[DATASET CONTENT]
******************************

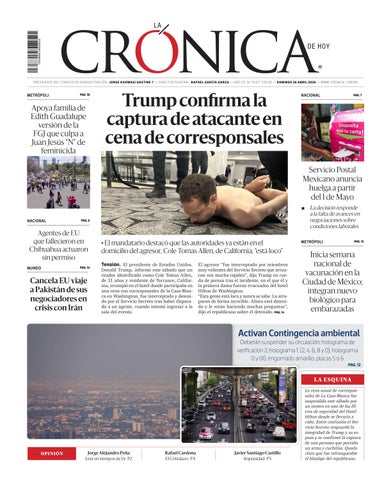 La Cronica de Hoy 26-04-2026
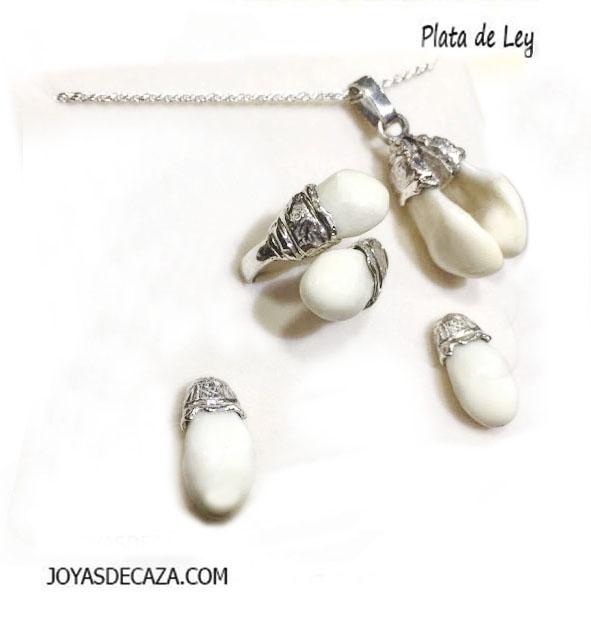 conjunto perla venado con plata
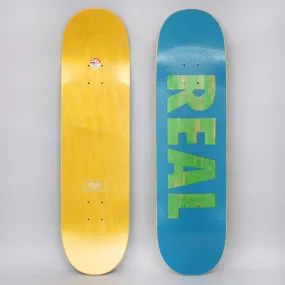 Real 8.25 Bold Series Skateboard Deck Blue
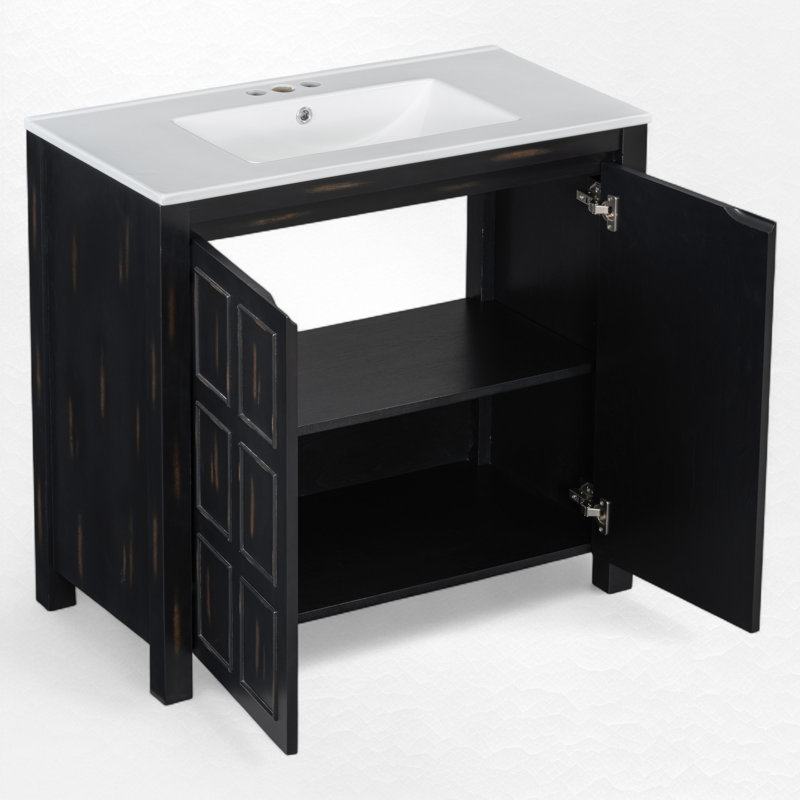 Ensemble de meuble-lavabo simple 36 po, Espresso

******************************

[ACTIVITY]
Reproduce the material exactly; keep pictures out.

[YOUR RESPONSE]
 La Cronica de Hoy 26-04-2026
 conjunto perla venado con plata
 Real 8.25 Bold Series Skateboard Deck Blue
 Ensemble de meuble-lavabo simple 36 po, Espresso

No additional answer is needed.